Non voglio unirmi al coro dei luoghi comuni che proliferano sulla possibilità che una realtà del genere possa diventare un "ghetto", mi preoccupa, solo, l’idea che una struttura simile si cronicizzi. Temo che possa rappresentare una rinuncia all’applicazione più flessibile della pena nei confronti dei tossicodipendenti. Potrebbe divenire la "modalità" di curare il tossicodipendente in carcere per eccellenza, a discapito di quella più ovvia rappresentata dalla realizzazione di un percorso all’esterno.
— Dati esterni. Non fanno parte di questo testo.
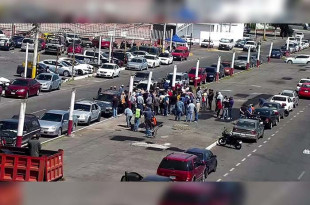 Un grupo de piperos se concentraron en el punto conocido como Las Torres, en Texcoco.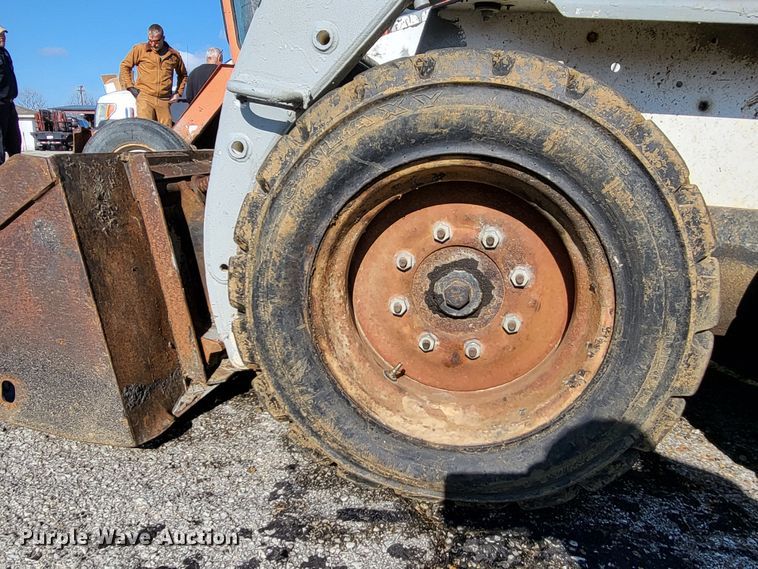 image for item DO3541 Bobcat  skid steer loader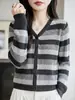 Cardigan de Lã Fina para Outono Inicial com Listras Largas Feminino Retrô Color Block Manga Longa Jaqueta de Tricô Solta Emagrecedora Passeio Temperamento
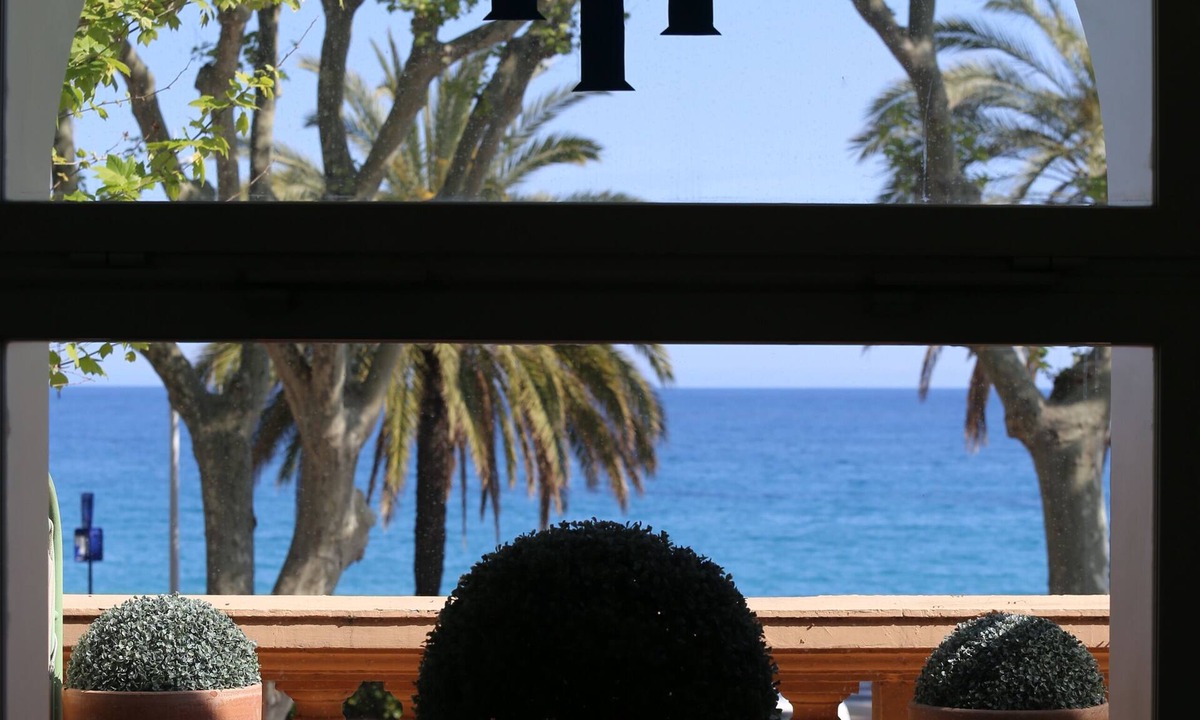 Menton Hotel | Hôtel Pavillon Impérial
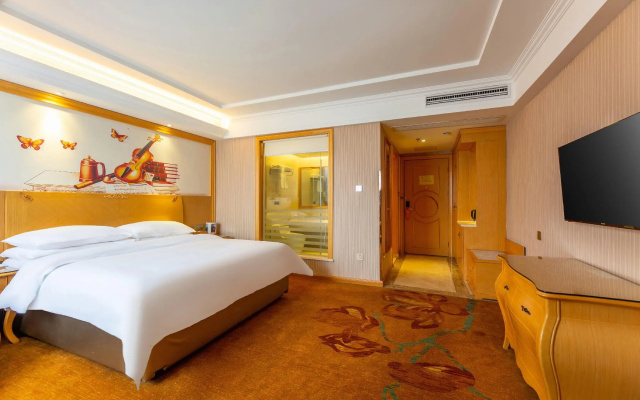 Vienna Hotel – Guest Rooms – Wuhan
E’ molto facile cadere in tranelli ideologici denigrando a priori un progetto del genere, per questo motivo non ritengo opportuno prendere posizione contro l’aspetto gestionale che vede, indiscutibilmente in pole position, la Comunità di San Patrignano.

L’idea di privatizzare il sistema sanzionatorio mi appare ancora lontana e di difficile realizzazione. Non voglio pensare che questo progetto ne rappresenti il presupposto: tale timore è, forse, un ulteriore tranello ideologico. Sicuramente questa iniziativa apre le porte all’approvazione di una normativa che, nelle more dell’approvazione, dovrebbe consentire ai nostri politici di attuare adeguati correttivi. La realizzazione di una struttura di tal genere rischia di cristallizzare una ideologia di estremo rigore che, a mio avviso, non costituirà la soluzione adeguata.

Sono ancora dell’idea che l’intervento in carcere vada effettuato in modo assolutamente pregnante, ma per periodi brevi e mirati alla fuoriuscita di soggetti tossicomani. L’ambiente restrittivo non consente un percorso di recupero adeguato: è difficile smantellare codici comportamentali tipici della struttura penitenziaria. Chi lavora nelle comunità di recupero sa come è difficile gestire persone sottoposte agli arresti domiciliari all’interno delle strutture comunitarie.

Come si può pensare di attuare un percorso riabilitativo articolato e fondato sul cambiamento all’interno di un edificio, già carcere tradizionale, con tutte le restrizioni che vi sono e con l’impossibilità, da parte del detenuto, di effettuare una scelta tra un regime attenuato e, quindi, privilegiato, ed il carcere tradizionale. Riflettiamo.